Falar dos talentos cinematográficos de Madonna seria tão monótono e extenso como fazer um inventário de tudo o que escasseia num hospital da Serra Leoa. Faltam pensos rápidos para a paciência, desinfectante para o mau gosto, ligaduras para o lugar comum, etc, etc…
No que respeita ao marketing do título, Madonna exibe todo um know-how de programa eleitoral. Apenas cumpre 50% do prometido. E entre a sabedoria e a sujidade nem vale a pena referir qual a porção que mais abunda naquele que é o primeiro filme realizado pela cantora.
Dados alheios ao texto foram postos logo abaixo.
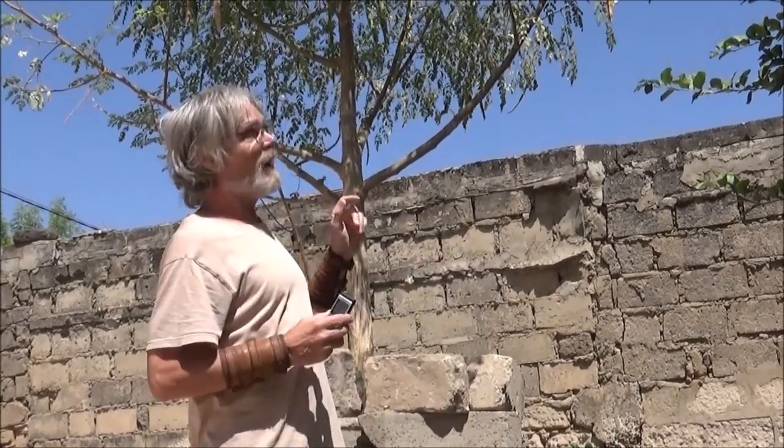Bonjour à tous, c'est Philippe D'Ivoire de Trek Eco Surveille et Aventure. J'ai choisi aujourd'hui de faire cette première vidéo que je vous envoie du Sénégal, en ayant pour thème, en arrière-plan, un arbre que beaucoup d'entre vous connaissent, c'est le Moringa.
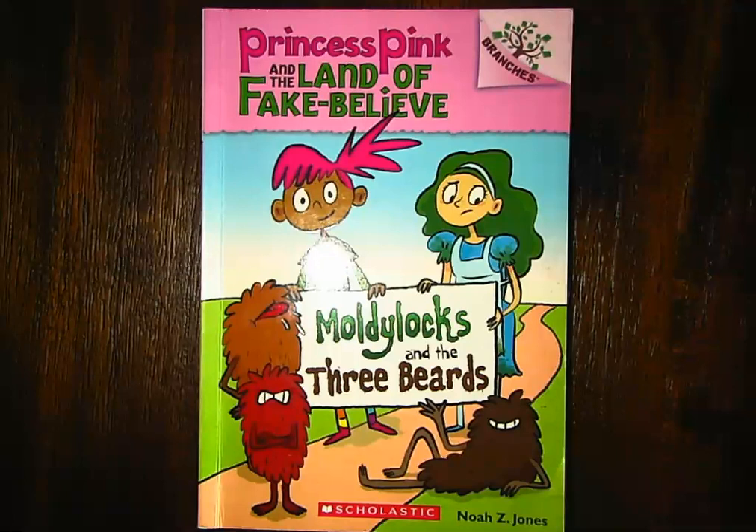Hi, everyone. It's Ms. Clark. We are going to read the book Moldy Locks and the Three Beers. This is a book series — this is number one in the book series, Princess Pink and the Land of Fake Believe.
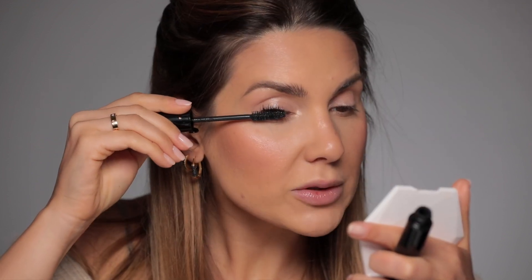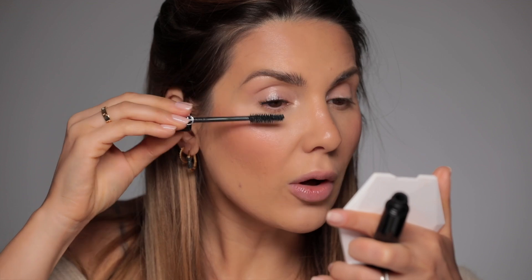Mascara — Eyes to Kill, also from Giorgio Armani. This is the type of mascara that will add a lot of volume.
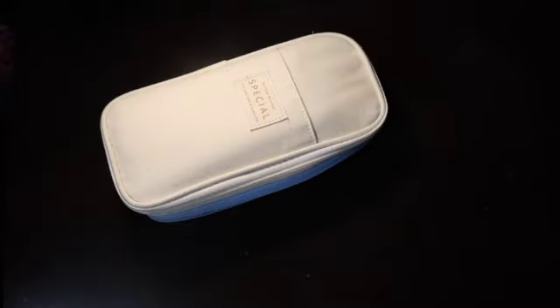Hello, today I will be showing you what is in my pencil case.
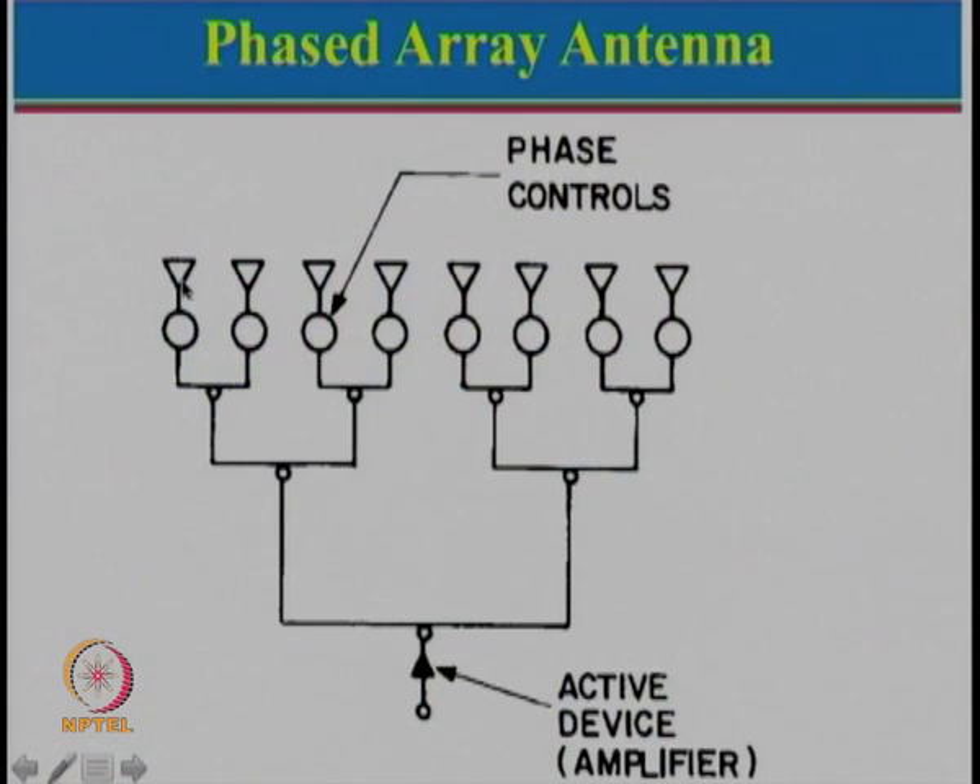Here we have a linear array of eight elements fed using a corporate feed. There is an amplifier at the input, divided into 2, then 4, then 8 branches to feed the eight elements. In between, phase control elements are added. If all phases are 0, the beam is in the broadside direction. If phases are set progressively as 0, −10, −20, −30, −40, −50, −60 degrees, the beam shifts in that direction. The beam shift angle is obtained from array theory: ψ = 2πd/λ · cos φ + δ. For a desired angle φ, the required phase increment δ can be calculated to achieve beam scanning.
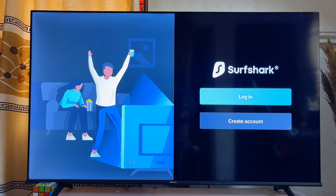We now have the Surfshark VPN app running smoothly on our Fire TV Stick. Go ahead and log in or create an account if you don't already have one. Once you've set up the VPN app, you can start enjoying streaming on different platforms while protected on the internet.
Não há nada de estranho no facto de Madonna decidir realizar um filme. Na verdade, há para aí umas três décadas que a cantora trabalha com a imagem.
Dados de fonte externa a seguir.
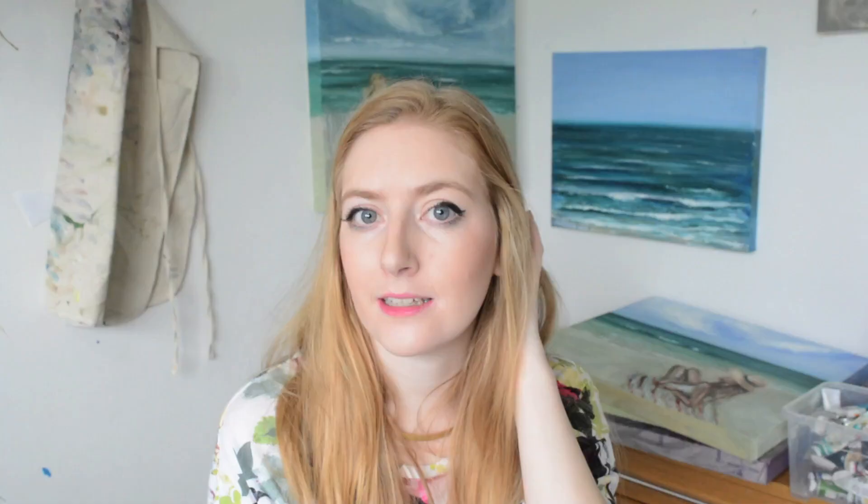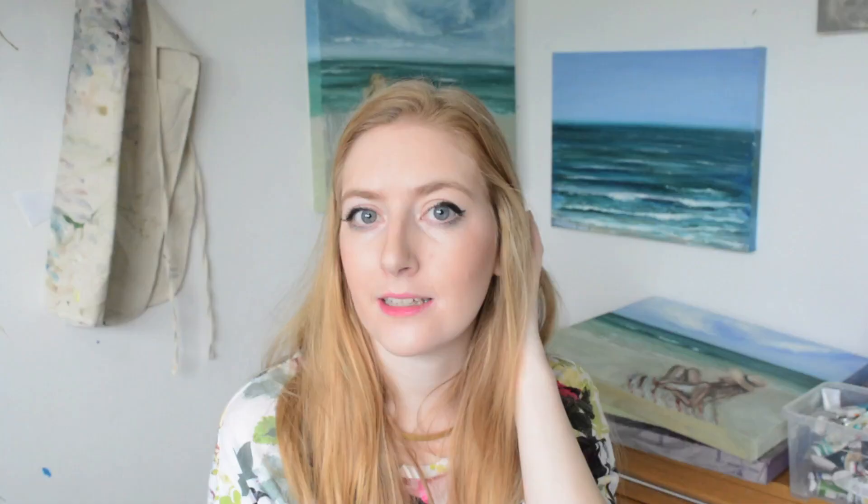I find it really important to document all your work, even if it's just for you. When I photograph my art, I really try and get every little detail in there — especially the details that make the piece really unique — because you can't necessarily see those in just a big overview image.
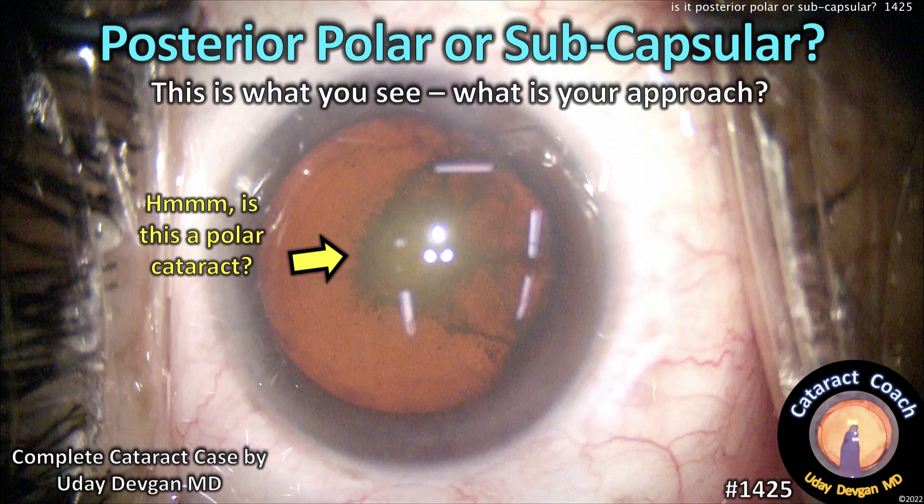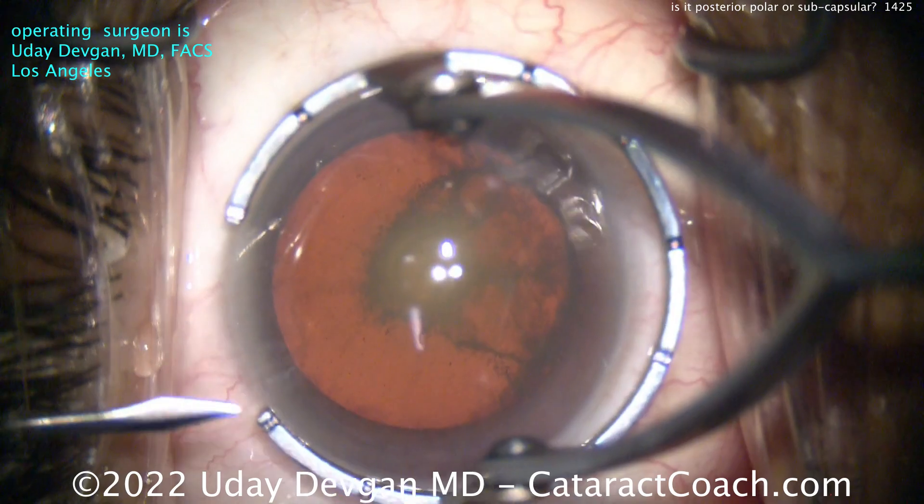cataractcoach.com. Post your polar or posterior subcapsular — this is what you see. You tell me now: what's your approach?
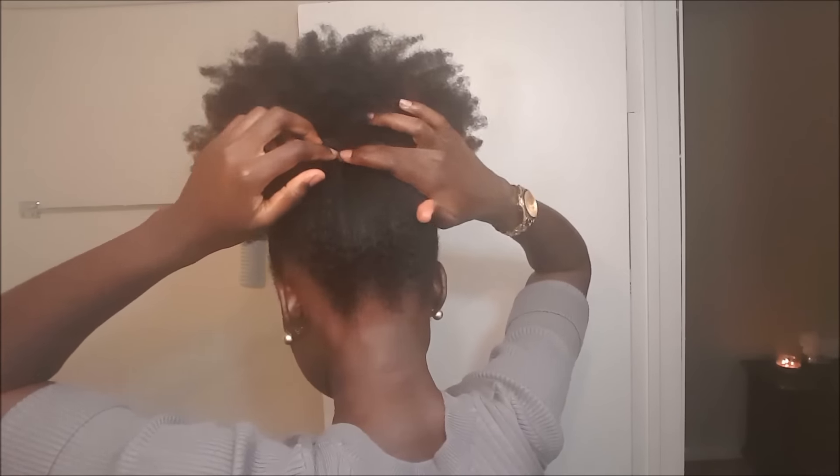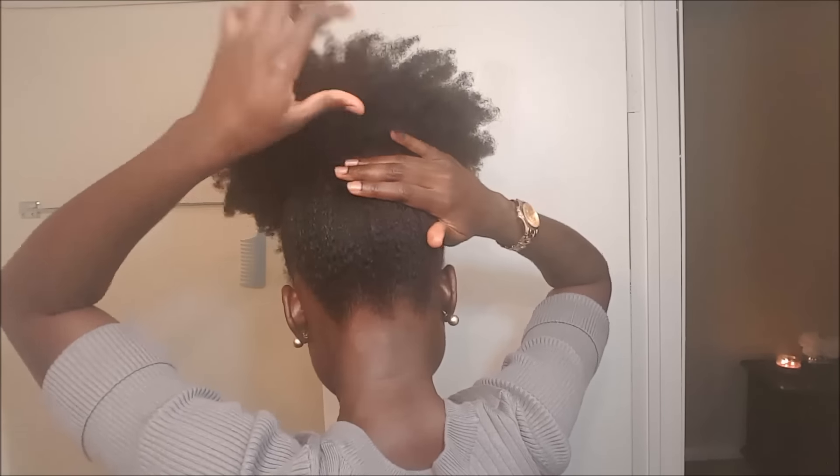Knee-highs and stockings are really great for doing puffs and updos, especially if you cannot find a good elastic hair band. Once I get to my desired length, I just tuck the ends in at the back.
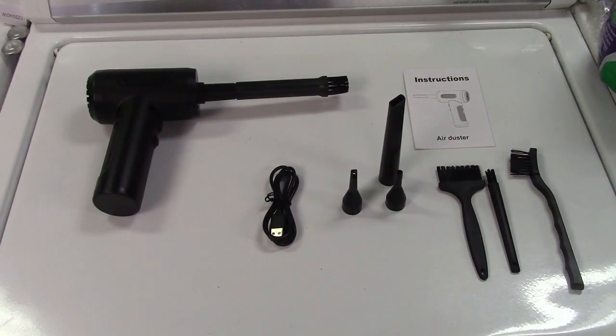You have all the tools you need and all the power you need to clean stuff up with the Lihan electric air duster. If you'd like to purchase this item, I'll leave a link in the video description where you can find it available for sale on Amazon. Thanks for watching — make sure you click like, click subscribe, and take care. We'll see you next time. Bye-bye.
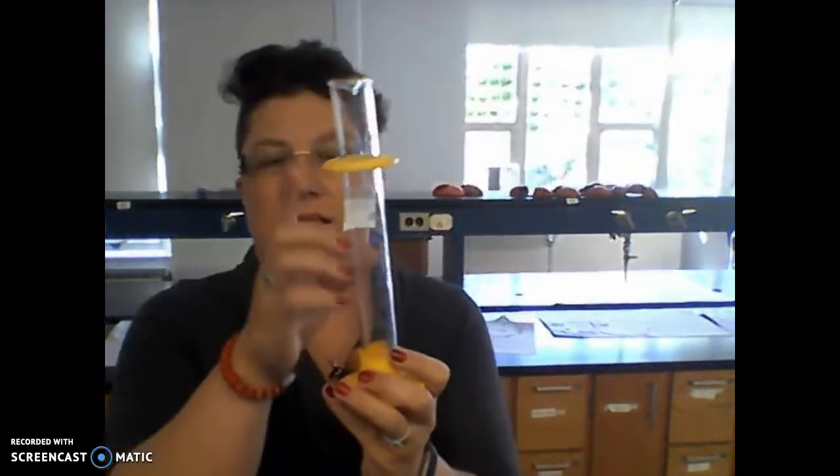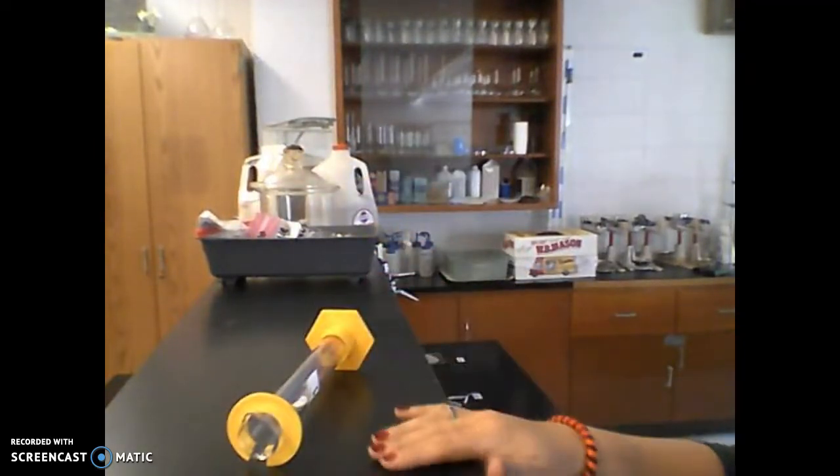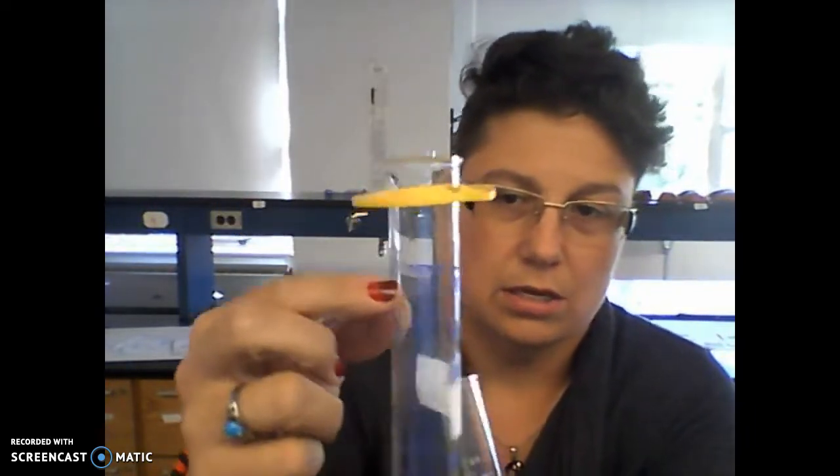What you will use is a graduated cylinder. A graduated cylinder is what you use to accurately measure volume. Usually there's a guard at the top — the guard is meant to protect it, not to measure. Keep the guard up at the top. When you knock it over, the guard protects it so it doesn't break. There are two different sizes: this one is 100 milliliters and this one is 25 milliliters.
Além disso é a cantora mais rica do mundo, pode muito bem permitir-se a uma incursão em território alheio. A questão é que se não fosse o seu nome na ficha técnica do filme, ele nunca estrearia numa sala de cinema. Não por ser chocantemente mau – há realizadores profissionais que produzem objectos muito mais embaraçosos do que este. Mas por ser um filme completamente irrelevante, que não teria interesse nem sequer no mais pindérico festival de terceira categoria.
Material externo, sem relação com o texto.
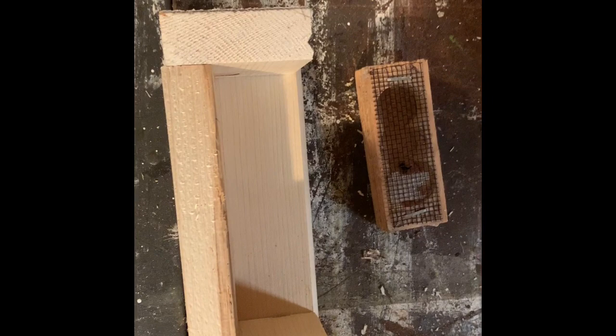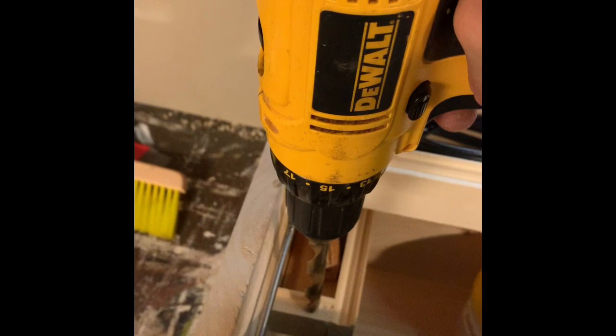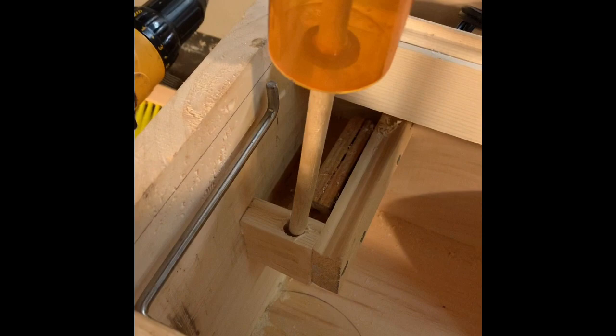Moving on to additional beekeeper pieces, using scrap wood we're going to build a small shelf or tray for queen cages. The tray for the queen cages will hold about half a dozen or so, possibly a few more or a few less. Now we'll drill a hole for the homemade queen marking cage that I made.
Noutro escalão etário, este até podia ser considerado um filme promissor, embora um tanto imaturo, mesmo para os teenagers que tanto se dedicam a home-movies.
Da sabedoria de Madonna não se esperava grandes considerações filosóficas, mas no que toca a sujidade, regista-se o esforço escatológico. Sujidade & Sabedoria limitada.
O que Madonna tem para apresentar, neste sector, é um líder de uma banda punk cigana (Eugene Hutz faz de si próprio, líder dos Gogol Bordello) que ganha a vida a fazer serviços de macho ou fêmea (varia…) dominadores. Uma bailarina clássica que ganha a vida a fazer streap-tease agarrada ao varão. E uma filantropa (gostava era de ir para África vacinar crianças) que ganha a vida como farmacêutica. Tudo isto num ambiente londrino, completamente datado e déjà vu.
Alguém tem de avisar Madonna que se ela quer chocar, isso já não vai lá com chicotes, nem correntes, nem unhas pintadas de preto, nem danças no varão, nem cenas sado-masoquistas, nem donas de casa gordas vestidas de colegial…
Não se elevando num altar de bom gosto, o filme salva-se não tanto pelo sotaque ucraniano e pelo bigode de Eugene Hutz, que vai tecendo umas pretensiosas considerações sobre a vida. Mas por uma outra cena: Aquela em que a actriz que faz de bailarina mata uma barata com a sapatilha cor-de-rosa de ballet. Para metáfora não está nada mal. Para uma principiante também não…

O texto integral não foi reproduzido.